The first, and most critical, step for working with VoltDB is figuring out what table(s) will be partitioned, and how. So, the schema...

The case I'm looking at is for a hypothetical ticket booking agency, for very large events (rock bands playing large stadiums, etc.). There's three basic tables:
  1. seat_info
  2. booking_info
  3. booking_seats
seat_info is a list of all of the seats, and whatever metadata is required.
booking_info is a list of the bookings, so far, and whatever metadata is required.
booking_seats relates seats to bookings, and events.

booking_seats is the table that's interesting; it will be the largest, and hottest, by far. The schema elements for booking_seats is below:

create table booking_seats (
  booking_id varchar(10) not null,
  seat_number smallint not null,
  seat_row int not null,
  event_id int not null,
  constraint booking_seats_unique_hash unique (seat_number, seat_row, event_id)
);

partition table booking_seats on column seat_row;

create index event_booking_hash_idx on booking_seats (event_id);


booking_id is a foreign key for booking_info.
seat_number and seat_row form a composite key into the seat_info table.
event_id will be a foreign key relationship "in the future".

seat_row is used for partitioning the booking_seats table.

The VoltDB user manual has an example of a flight booking schema that's been partitioned by flight_id, analogous to event_id in my example.  The use case here is different, and so the partitioning scheme needs to be different.

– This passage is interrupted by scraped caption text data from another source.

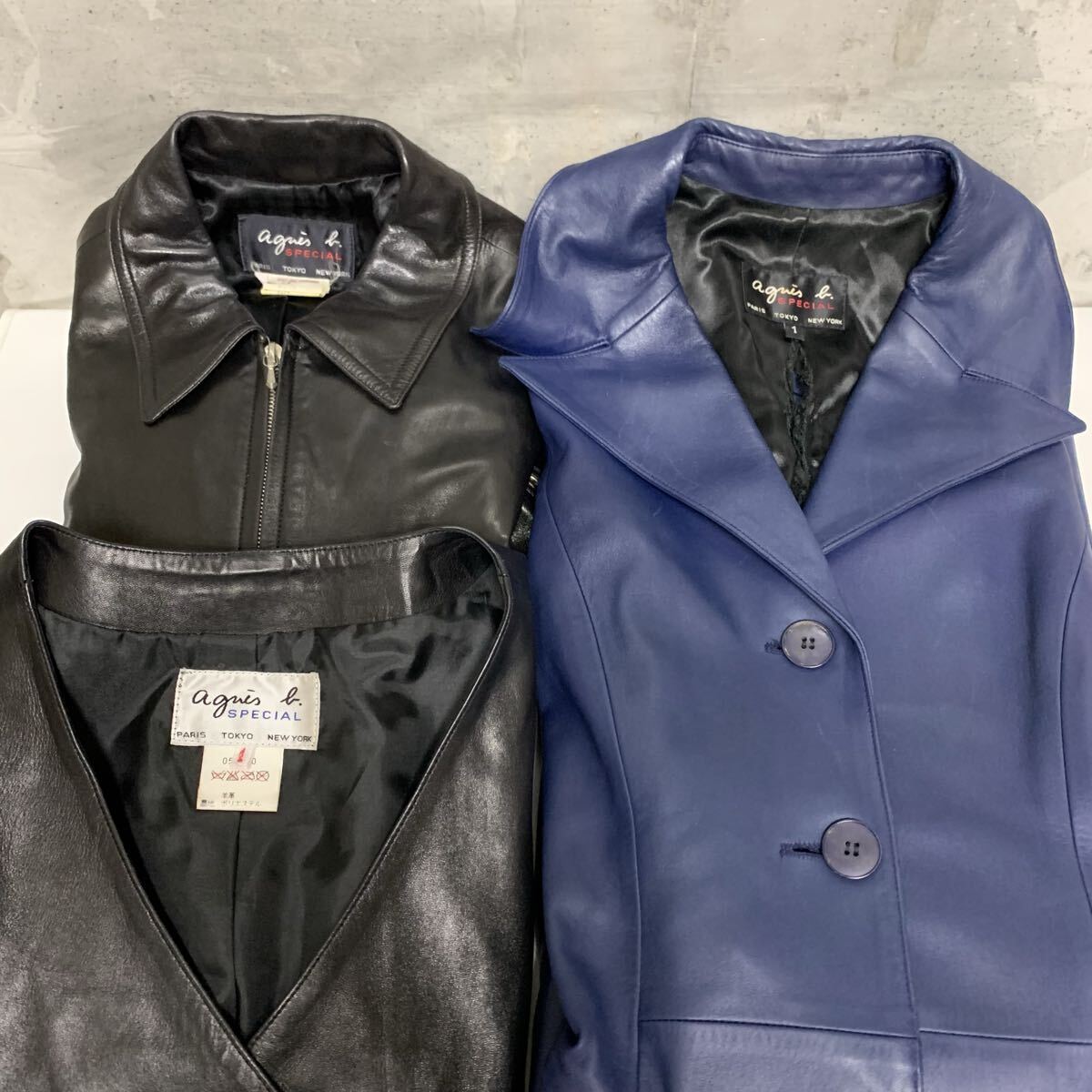 表参道店購入 46 レザージレ ディオールオム Dior HOMME 07/08AW 高級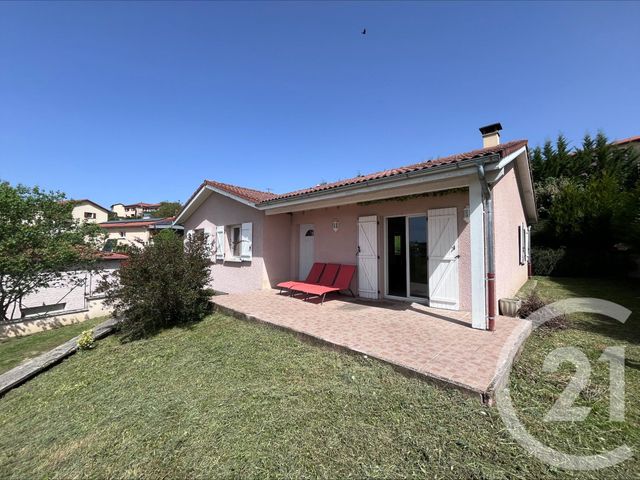 maison à vendre - 5 pièces - 88.03 m2 - ST JEAN LA BUSSIERE - 69 - RHONE-ALPES - Century 21 Coquillat Immobilier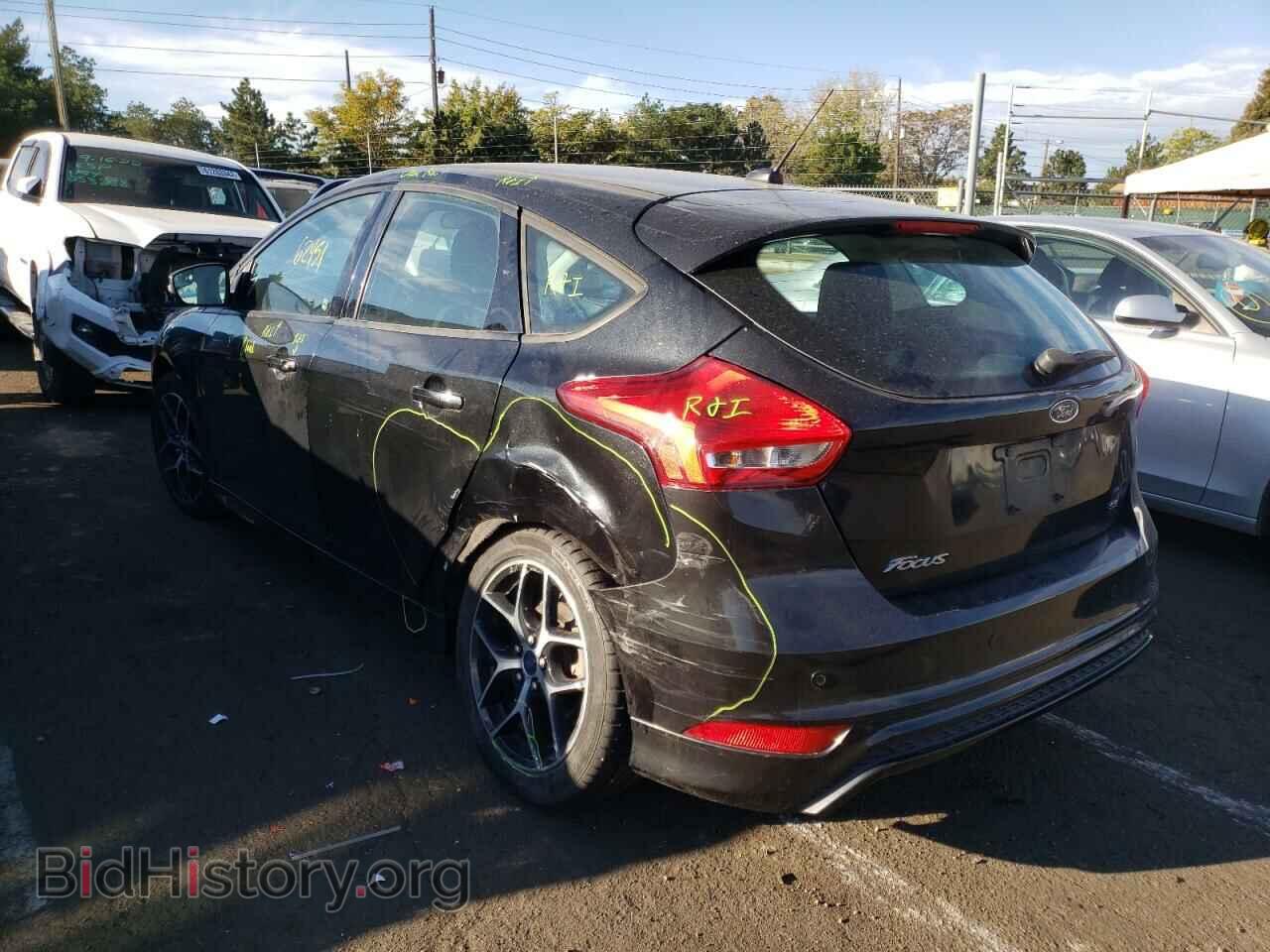 2015 FORD FOCUS - VIN: 1FADP3K28FL300637 - Фото 3
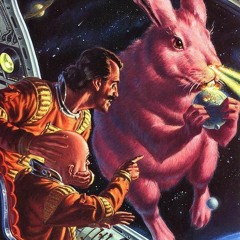 Pink Rabbits From Outer Space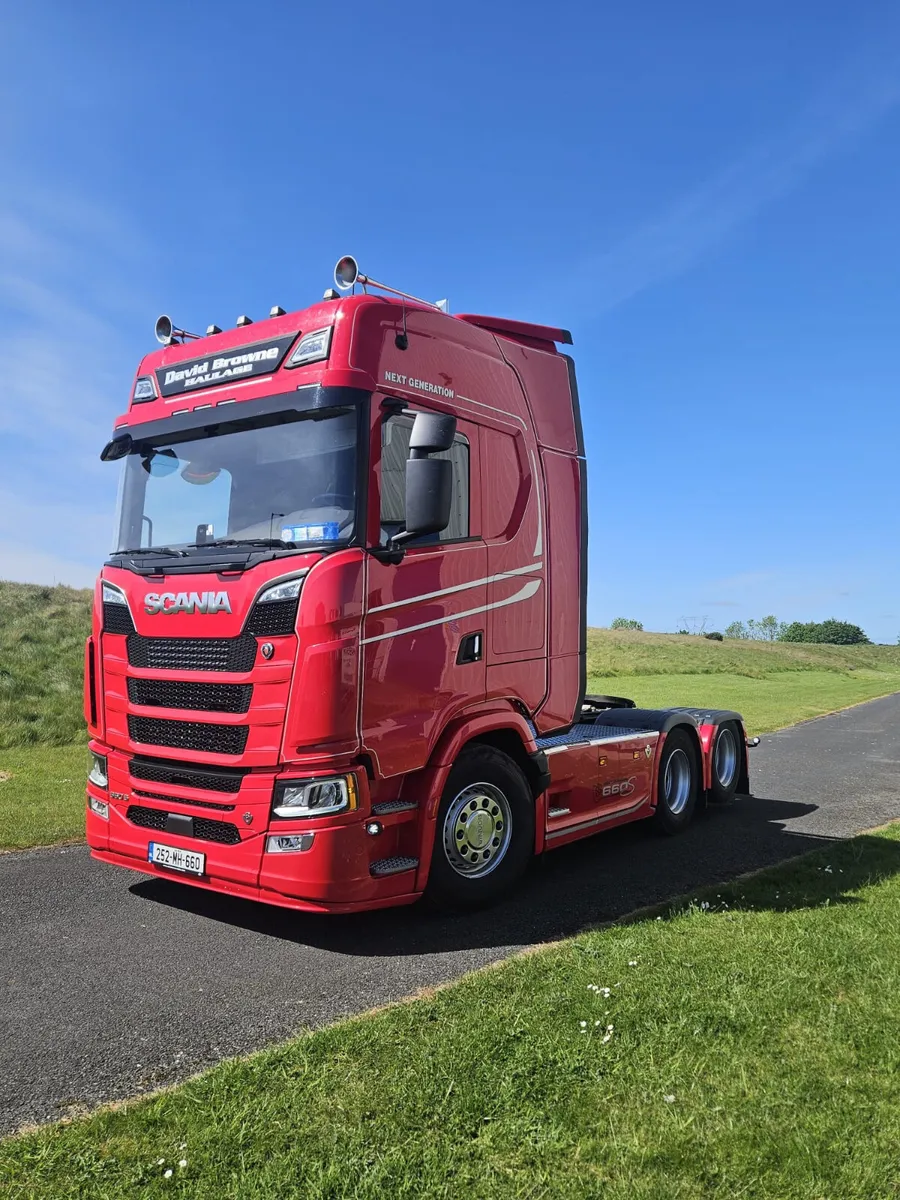 Scania S660 Twin wheel Tag  2025 - Image 1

  • event_id would cause all of the traffic for the ticket booking system would be directed to a single partition when tickets for that event were put on sale - which sort of defeats the purpose of partitioning the data in the first place.
  • booking_id could be used for partitioning, but as it's not a part of the unique constraint, the constraint would be expensive to enforce.
  • seat_number isn't a good choice for partitioning because buying multiple tickets is normal, and each transaction should be kept within a single partition, if possible.
  • seat_row is my choice for partitioning, because most bookings tend to be in the same row, and because it's a part of the unique constraint that prevents seats being double-booked.

In theory booking_id, or even event_id, may make a sound choice for partitioning. For this example I really would like to have aggressive partitioning of the data to see what breaks stress VoltDB's capabilities.

This is a "not bad" schema; but the query for finding available seats is a bit ugly. I added the index on event_id, to optimise the query for available seats for a given event, but testing is really essential to see if it helps or hinders performance overall.

Sunday, December 07, 2014

Explorations of VoltDB

I've started on a little project to see how VoltDB lines up against its promises.

The Unique Selling Point (sort of) of VoltDB is that you can horiztonally scale an OLTP database, in a shared-nothing environment. That's quite a trick.

Horizontally-scalable OLAP systems are well-known, even passe; but getting an OLTP system that scales elegantly has been hard/impossible for a reasonable cost. Could you scale out an Oracle RAC? Sure, if you have a few million bucks for licences and hardware. Can you scale out MySQL? Sure, if you have an army of programmers willing and able to implement sharding in their applications.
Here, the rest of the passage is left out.